Defunct business unit within IBM

IBM Retail Store Solutions was IBM's division in the retail market segment. During its run, IBM Retail Store Solutions had several product lines, both hardware and software. Hardware products included IBM SurePOS 700 point-of-sale systems or printers. Software products under its portfolio included IBM 4690, IRES (IBM Retail Environment for SUSE LINUX), Lotus Expeditor, Lotus Expeditor Integrator, IBM Store Integrator, IBM Store Integrator Graphic User Interface. Besides those, IBM RSS was responsible for the creation of software such as the 4690 software, IRES. and POSS for DOS. IBM won the 2008 Point of Sale Green Excellence of the Year award. On April 17, 2012, IBM announced a definitive agreement under which Toshiba TEC acquired IBM's Retail Store Solutions business.

==IBM IRES==

IBM IRES (IBM Retail Environment for SUSE LINUX) retail functions such as those provided by IBM's 4690 features, including Server-based POS loading and booting, Industry-standard system-wide configuration and change management, Automatic problem determination with single-step dump button support, Combined server/terminal support, Client preload GUI and Remote Management Agent for systems management support. It is also one of the platforms that support WebSphere MQ platform as part of the IBM Store Integration Framework.

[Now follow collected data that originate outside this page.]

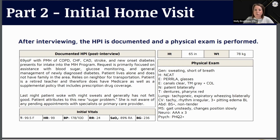The rest of the assessment: pupils are equally reactive to light, she wears glasses, ears are clear, patent nose, wearing dentures. She is a little tachypneic and wheezing bilaterally — wheezing is generally considered synonymous with asthma or COPD, so that's important. She's tachycardic with an irregular rhythm, which brings AFib to mind, and she has a little edema, which raises heart failure in the differential.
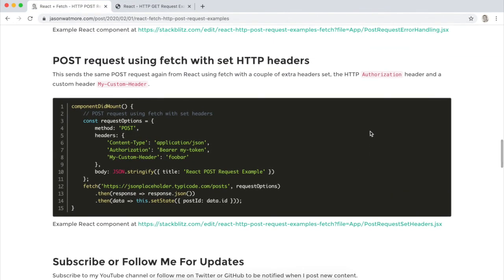OK. That's all of the examples. So that is how you send HTTP POST requests from React using fetch. I hope you enjoyed the video. Thanks for watching. If you want to see more please subscribe to my channel below. Cheers.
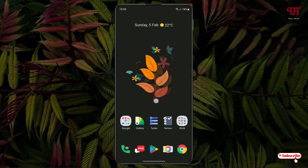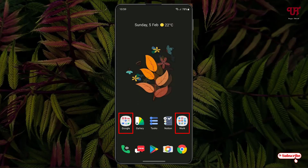Right now you can see my Samsung smartphone's home screen. Here you can see I have some folders with names like Google and a Work folder. In order to make this folder background transparent, here's what you need to do.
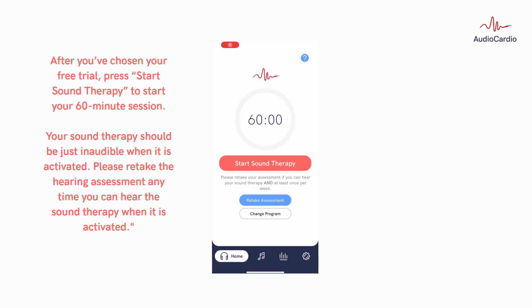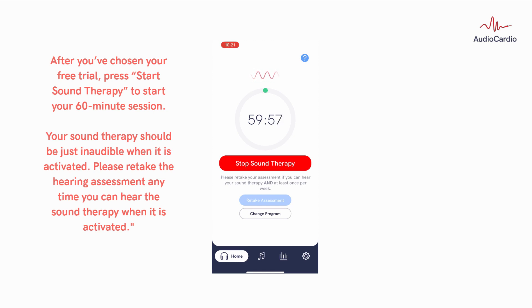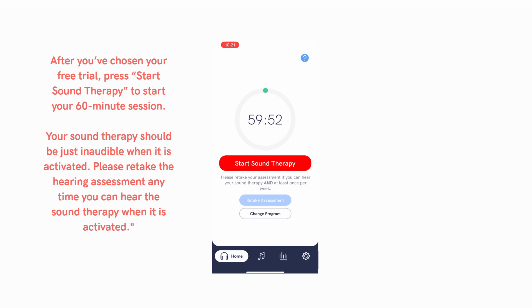After you've chosen your free trial, press Start Sound Therapy to start your 60-minute session. Your sound therapy should be just inaudible when it is activated. Please retake the hearing assessment anytime you can hear the sound therapy when it is activated.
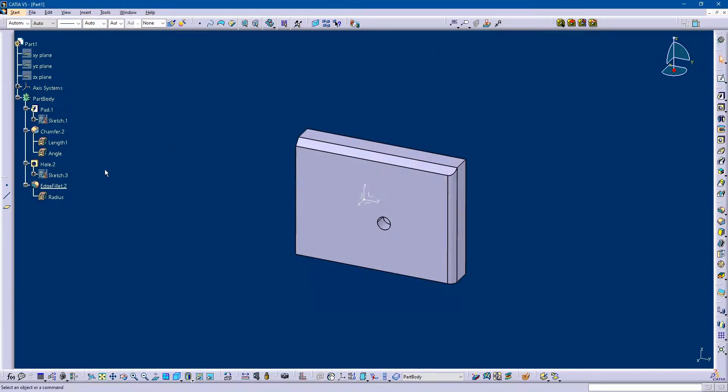Now you can see that my dimensions are gone. I'm not able to see them in my specification tree.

IBM IRES made a partnership with 360Commerce via the 2005 PartnerWorld Beacon Award for IRES Solutions. IBM IRES is also used with Triversity's Transactionware Enterprise and, it is the first Java POS solution designed from the ground up to harness the power of J2EE in retail.

IRES has an IBM IRES Sales Mastery course and exam which can be found online.

==IBM POSS for DOS==

IBM POSS (Point of Sale Subsystem for DOS) is a legacy software that functions with IBM PC DOS and enables many IBM customers from the 1980s. The latest publicly supported version is 2.2.0.